Biens habous : distinction des jugements relatifs à la formation du contrat et à son exécution quant à l’ouverture du pourvoi en cassation (Cass. civ. 2008)
La Cour Suprême distingue les jugements relatifs aux biens habous : ceux sur la formation des contrats sont définitifs, tandis que ceux sur leur exécution (ex: baux) sont susceptibles d'appel. Un pourvoi en cassation est irrecevable contre un jugement d'exécution, car il n'est pas rendu en dernier ressort, conformément à l'article 353 du Code de procédure civile.
Points clés
- Article 13 Dahir 1913 Habous : Les jugements sur la formation des contrats habous sont définitifs.
- Les jugements sur l'exécution des contrats habous (ex: louage, expulsion) sont rendus en premier ressort et susceptibles d'appel.

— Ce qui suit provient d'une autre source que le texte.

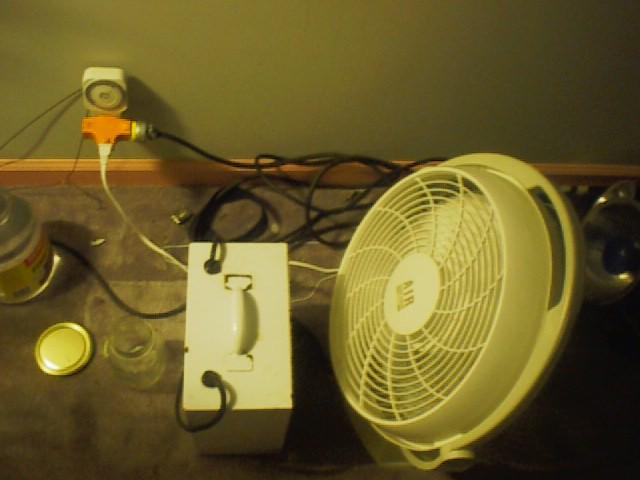 One purpose of the fan is to provide circulation, the other is to keep the ballast cool.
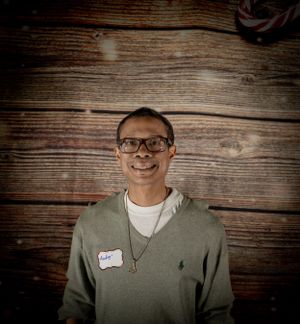 Individual wearing casual grey sweater photographed against wooden paneled wall.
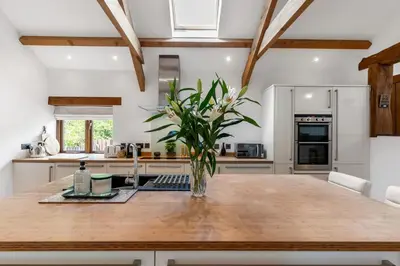 a kitchen with a wooden table with a vase of flowers at Swift Barn Lambest Farm Menheniot Cornwall in Menheniot
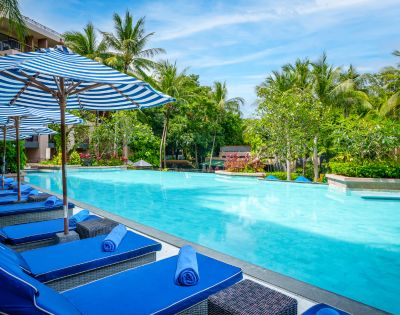 Tropical pool scene with blue lounge chairs and striped umbrellas along a calm pool. Surrounded by lush green palm trees, under a clear blue sky.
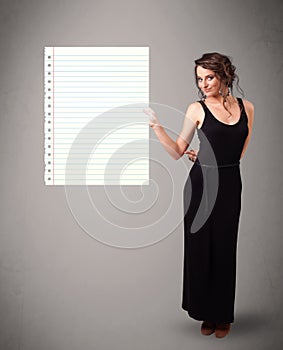 Young woman holding white paper copy space with diagonal lines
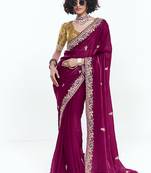 Fancy fabric embroidered rani pink saree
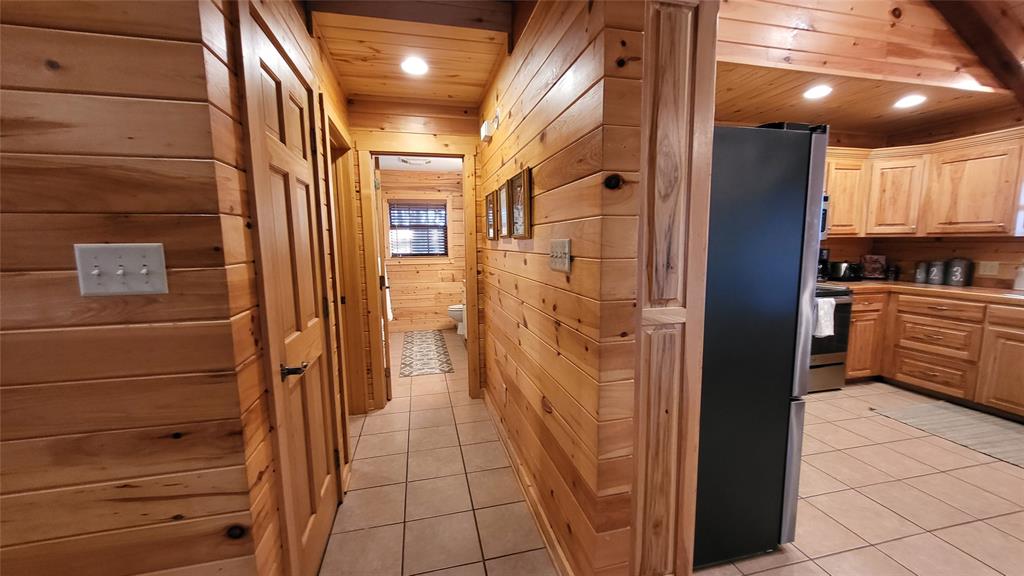 9 Private Road Leesburg, TX 75451 - Photo 15 of 26 a bathroom with a shower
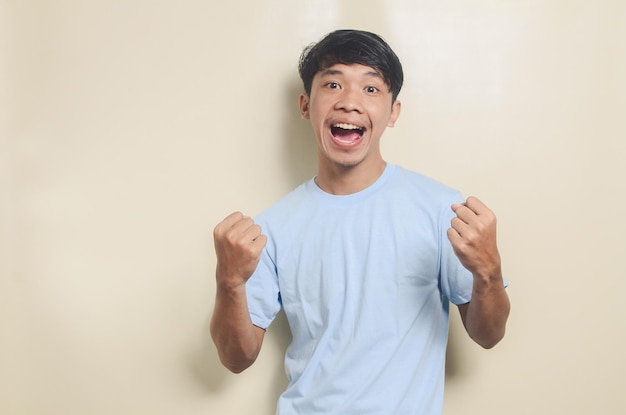 Retrato de un joven asiático con camiseta azul con expresión emocionada sobre un fondo aislado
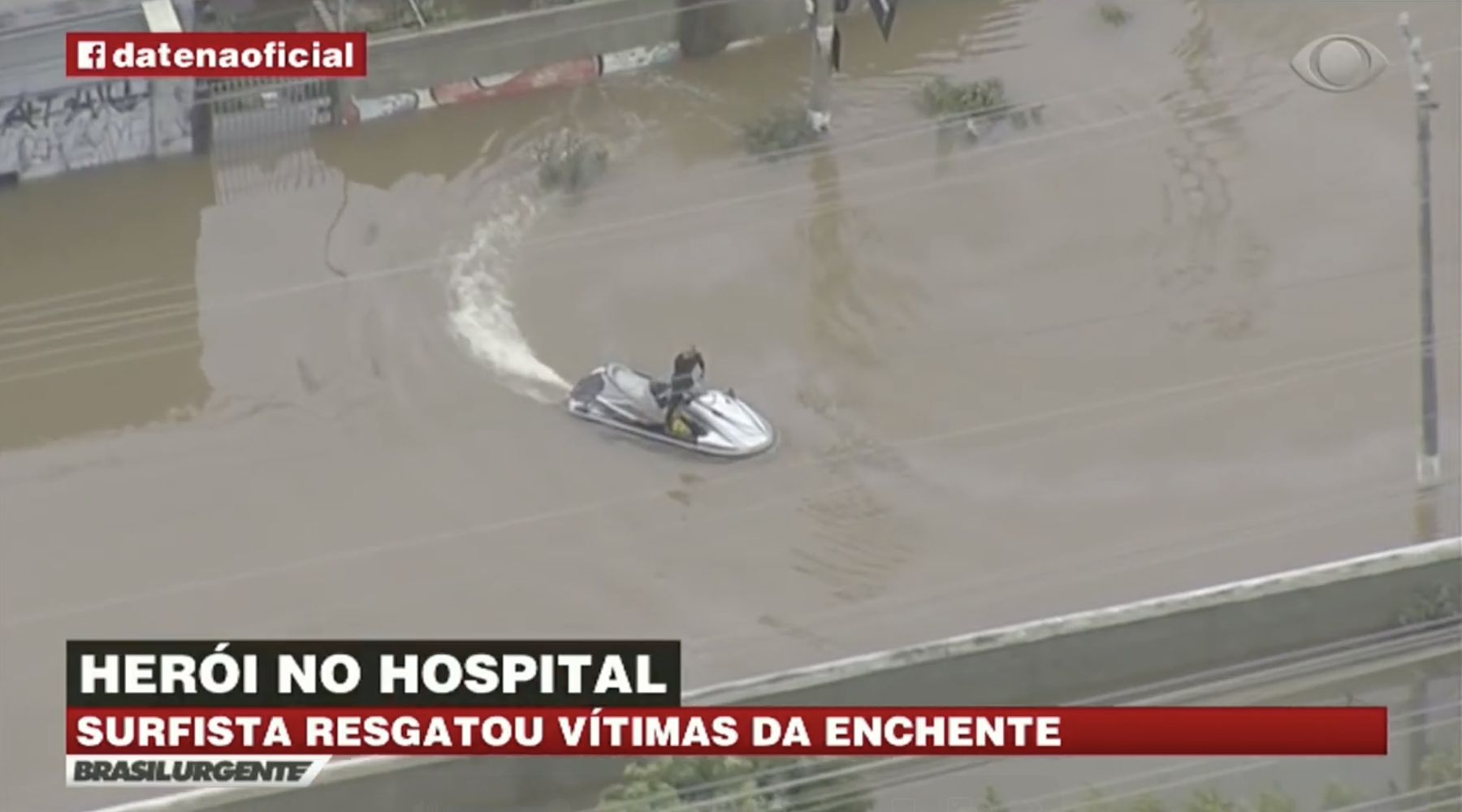 News helicopter footage: Marcelo pilots a jet ski through a flooded street. Caption reads: Surfista resgatou vítimas da enchente
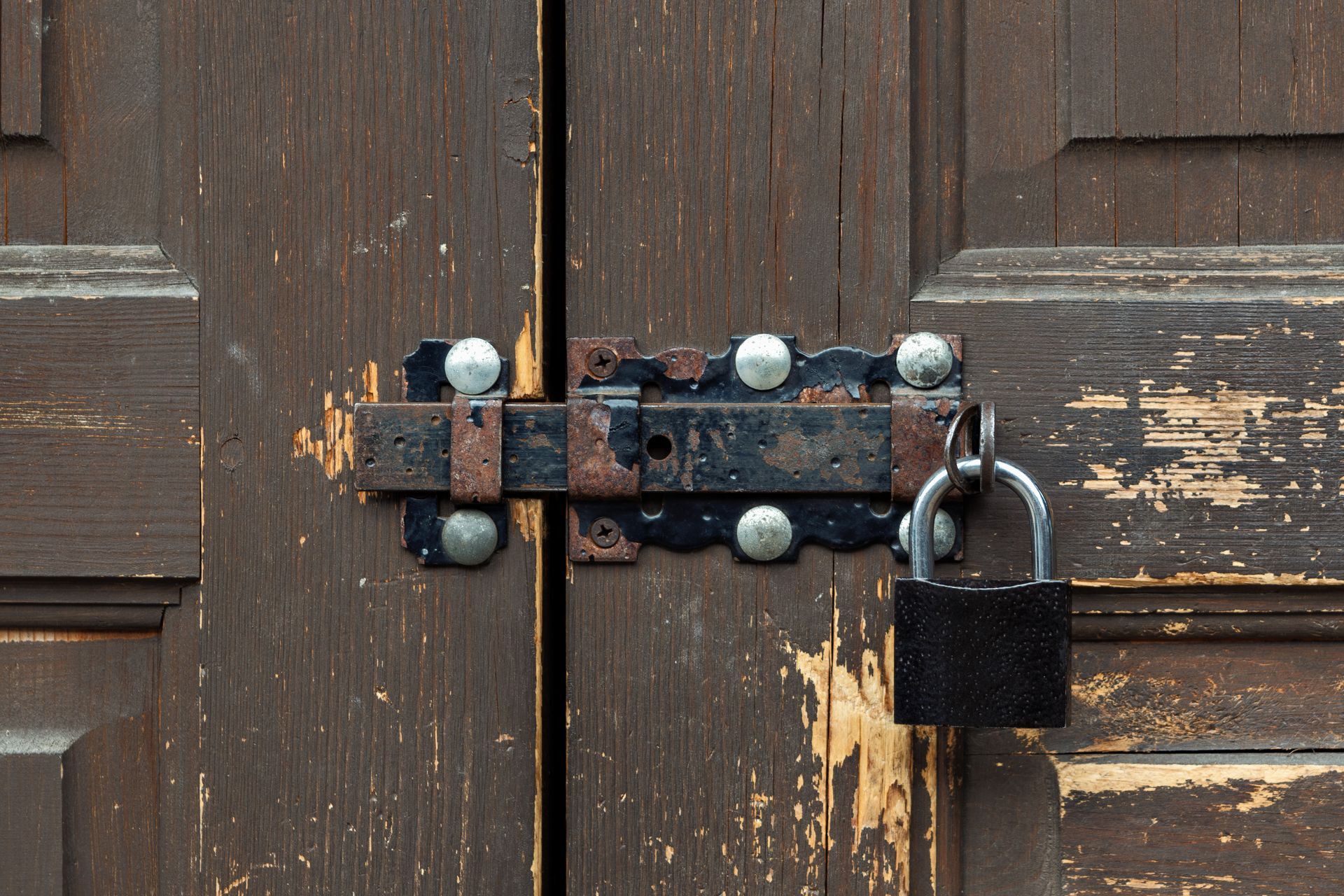 Rusty metal bolt and padlock securing a weathered wooden door in State College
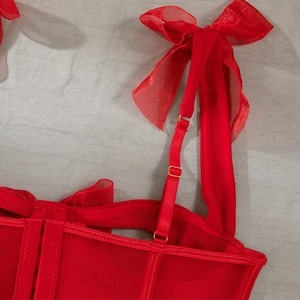 Detail of red mesh corset with organza bow straps and adjustable gold metal buckles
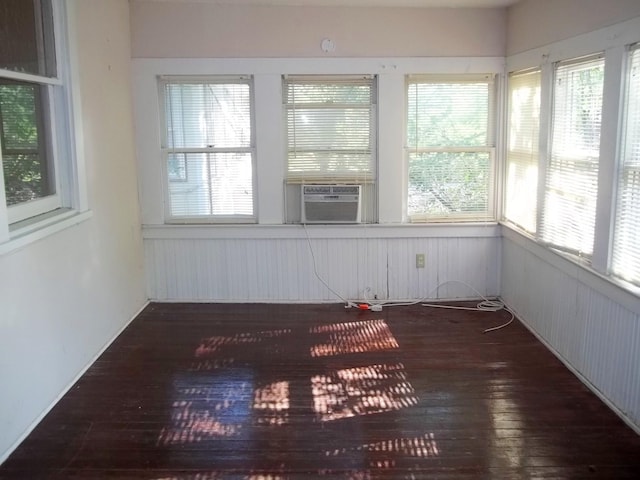 111 N Winnetka Ave, Dallas, TX 75208 - unfurnished sunroom featuring hardwood / wood-style floors, a wainscoted wall, cooling unit, plenty of natural light, and wood walls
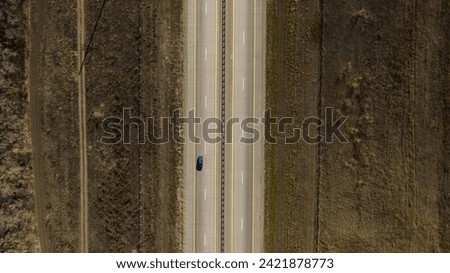 One black car driving alone, lifestyle travel on empty straight asphalt road freeway through empty arid steppe plain at summer sunny day. Aerial drone wide into the distance view.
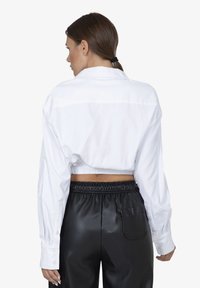 Camicia bianca a maniche lunghe, corta e con bottoni, con orlo elastico, abbinata a pantaloni neri in eco-pelle a vita alta con tasca laterale.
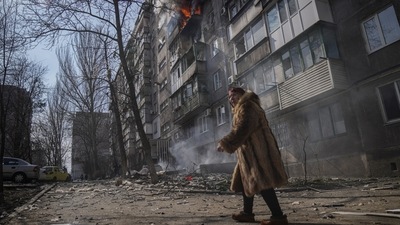 A woman walks past a burning apartment building after shelling in Mariupol, Ukraine. (File image) (AP) A woman walks past a burning apartment building after shelling in Mariupol, Ukraine. (File image) (AP)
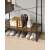 VASAGLE garment rack with shoe shelf, 5 shelves, 6 side hooks, rustic brown and black, close-up of bottom shelf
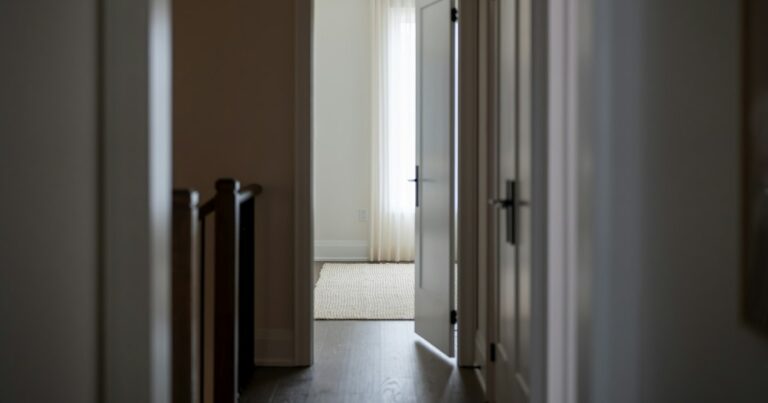 A quiet hallway leading to a half-open door and a bright room with a sheer curtain beyond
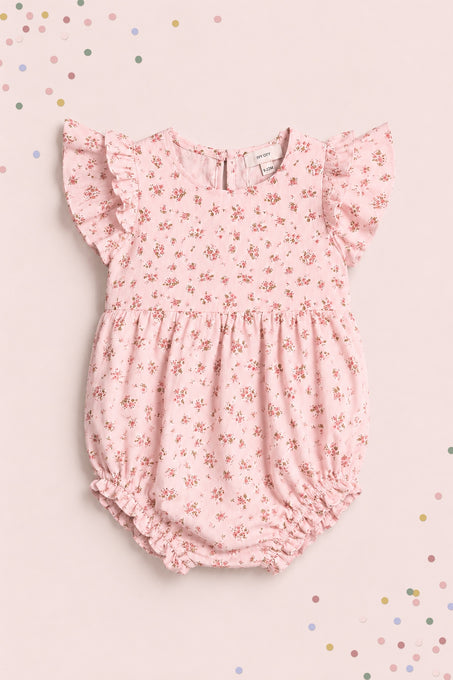 The Ivy City Co Baby Hattie Romper in Madeline Pink features ruffled sleeves and a floral print, displayed on a matching background with pastel confetti—an adorable first birthday outfit.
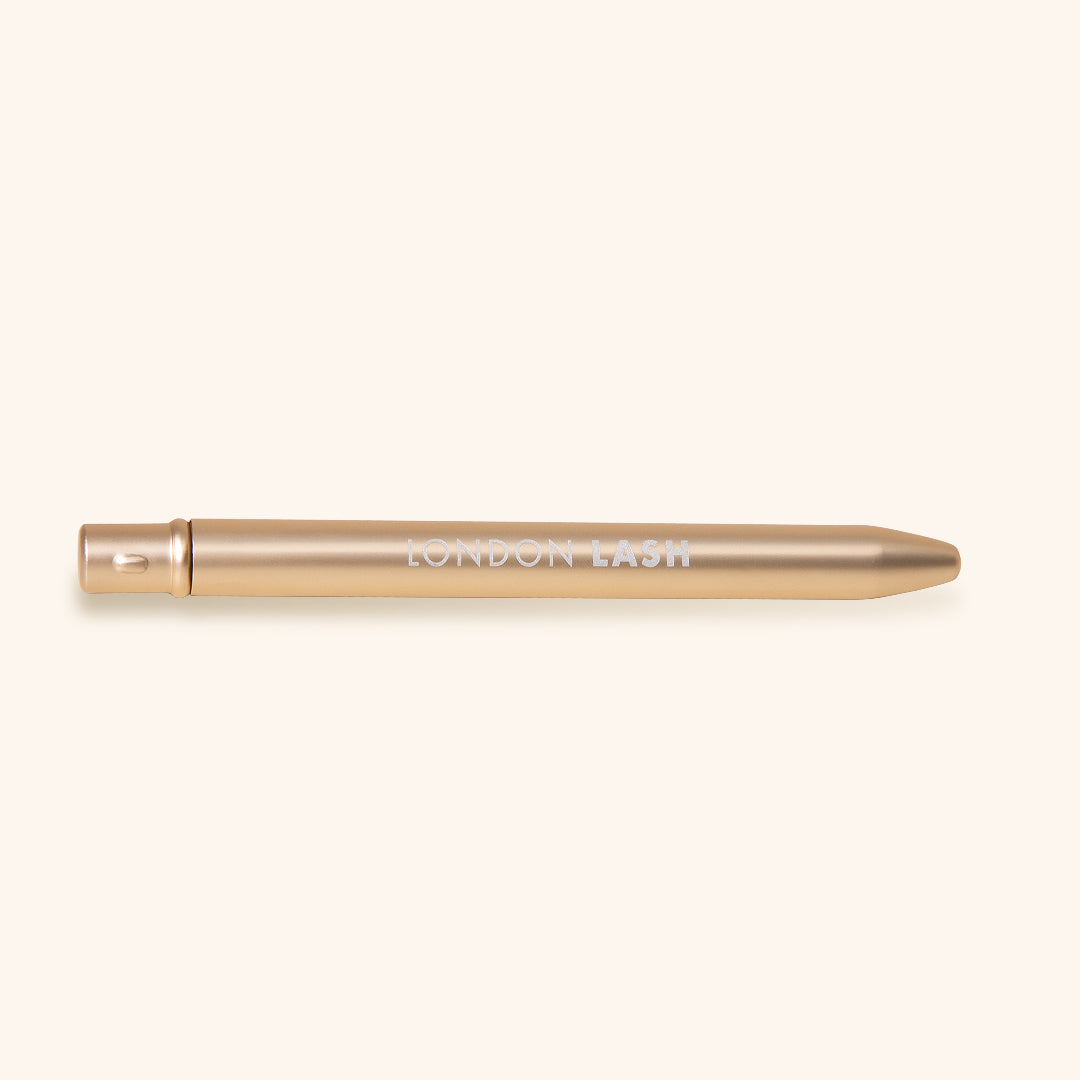 On the Go Lash Wand in gold, a reusable eyelash spoolie for perfect lash grooming.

- Un pourvoi en cassation est irrecevable contre un jugement d'exécution de bail habous, car il n'est pas une décision rendue en dernier ressort (Art. 353 CPC).
Résumé
En vertu de l'article 13 du dahir du 4 juillet 1913 sur les habous, la jurisprudence marocaine établit une distinction cruciale concernant les voies de recours applicables aux jugements relatifs aux biens de mainmorte. Les décisions statuant sur la formation ou les conditions d'un contrat de gestion d'un bien habous sont considérées comme définitives, limitant ainsi les possibilités d'appel. À l'inverse, les jugements qui tranchent des litiges portant sur l'exécution de ces contrats, tels que les affaires de louage ou d'expulsion, sont rendus en premier ressort et sont donc susceptibles d'appel. La Cour Suprême a rappelé que la nature juridique intrinsèque d'une décision prévaut sur la qualification que lui attribuent les juges du fond pour déterminer la voie de recours appropriée. Par conséquent, un jugement portant sur l'exécution d'un bail habous n'étant pas une décision rendue en dernier ressort, le pourvoi en cassation est jugé irrecevable, conformément aux dispositions de l'article 353 du Code de procédure civile, qui exige généralement une décision définitive pour ce type de recours.
Texte
En vertu de l'article 13 du dahir du 4 juillet 1913 sur les habous, les jugements statuant sur la formation ou les conditions d’un contrat de gestion d’un bien de mainmorte sont définitifs. À l’inverse, ceux tranchant les litiges relatifs à son exécution, notamment en matière de louage ou d’expulsion, sont rendus en premier ressort et susceptibles d’appel. La Cour Suprême rappelle que la nature juridique intrinsèque d’une décision prime sur la qualification que lui attribuent les juges du fond pour déterminer la voie de recours applicable. Par conséquent, un jugement portant sur l’exécution d’un bail habous n’étant pas une décision rendue en dernier ressort, le pourvoi en cassation est irrecevable en application de l'article 353 du Code de procédure civile.